Marjorie Lawrence never sang Dalila in real life. That scene in the movie Interrupted Melody was fiction.


----------



## Seattleoperafan (Mar 24, 2013)

Francasacchi said:


> Marjorie Lawrence never sang Dalila in real life. That scene in the movie Interrupted Melody was fiction.


delete


----------



## Seattleoperafan (Mar 24, 2013)

Francasacchi said:


> Marjorie Lawrence never sang Dalila in real life. That scene in the movie Interrupted Melody was fiction.


----------



## Seattleoperafan (Mar 24, 2013)

Seattleoperafan said:


> Jessye Norman billed as a soprano but she sang The Brahms Alto Rhapsody, both the mezzo and soprano parts in the Verdi Requiem ( the only person I can think of that did that and nailed both parts), the mezzo part in Oedipus Rex and as much mezzo lieder and Mahler as Christa Ludwig.. Mas is right about Ponselle when she recorded this but she could have sung Delilah at 25. One of the most beautiful versions of Mon Coure.... was by Farrell in Interrupted Melody


----------



## Francasacchi (7 mo ago)

Seattleoperafan said:


> La chanteuse d’opéra: The Interrupted Melody of Marjorie Lawrence
> 
> 
> DAH Blog
> ...


It is not listed in her repertoire in the definitive biography Wotan's Daughter.

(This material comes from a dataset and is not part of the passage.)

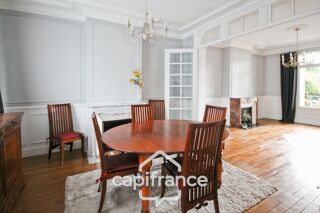  Maison  vendre 6 pices 230 m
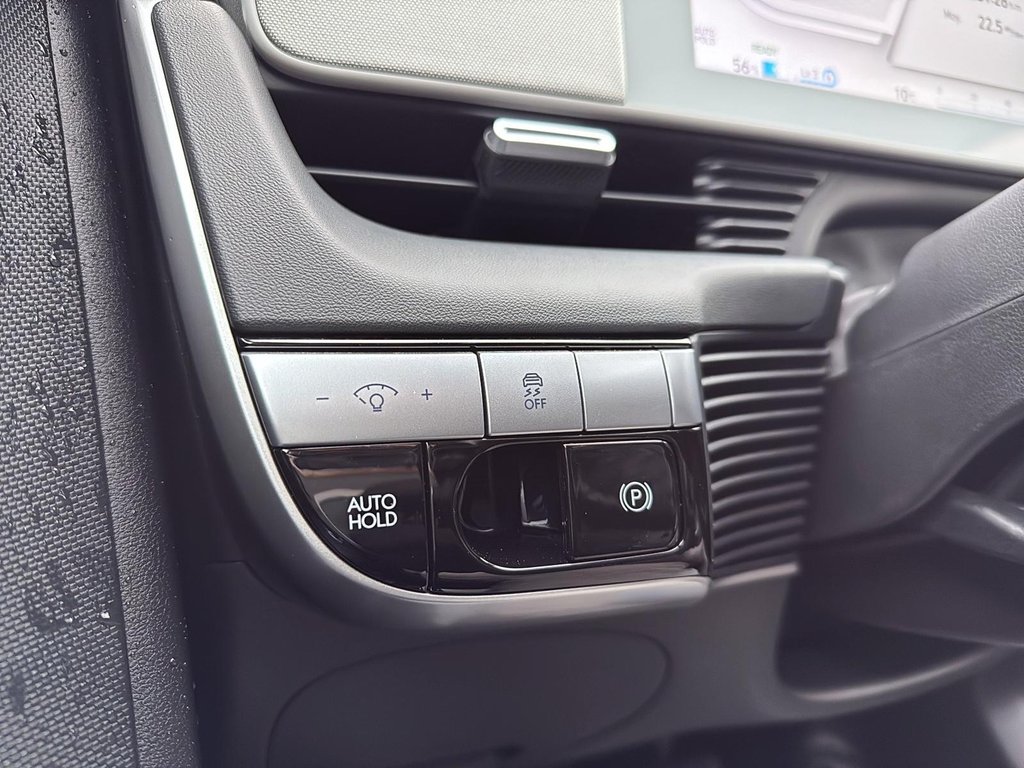 2024 Hyundai IONIQ 5 Preferred in Drummondville, Quebec - 13 - w1024h768px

There is no record of her singing it on stage or in concert. That blog post is confusing the movie biopic with the reality. She sang the big aria in English in recitals in Australia before coming to Paris and recorded it in French for the movie, but Farrell ended up doing the singing.


----------



## Francasacchi (7 mo ago)

Seattleoperafan said:


> delete


No


----------



## Seattleoperafan (Mar 24, 2013)

Francasacchi said:


> It is not listed in her repertoire in the definitive biography Wotan's Daughter. There is no record of her singing it on stage or in concert.


Sorry I was misinformed and deleted error. I am not an expert like you on her life.


----------



## ColdGenius (9 mo ago)

OffPitchNeb said:


> If you look at the discography here, the answer is: not much.
> 
> 
> 
> ...


It's amazing. Both are superb. Litvine sings the aria divinely, staying a soprano. And Poncelle shows the richest lower voice, especially heldentenor-like final.


----------



## nina foresti (Mar 11, 2014)

Ever hear of Rise Stevens?


----------



## Seattleoperafan (Mar 24, 2013)

nina foresti said:


> Ever hear of Rise Stevens?


She was the great Carmen and Delilah at the Met but I don't know of her ever singing soprano. I think she holds the record for the most Carmen's at the met. She would have looked believable alluring for Samson.


----------



## Otis B. Driftwood (4 mo ago)

Seattleoperafan said:


> She was the great Carmen and Delilah at the Met but I don't know of her ever singing soprano. I think she holds the record for the most Carmen's at the met. She would have looked believable alluring for Samson.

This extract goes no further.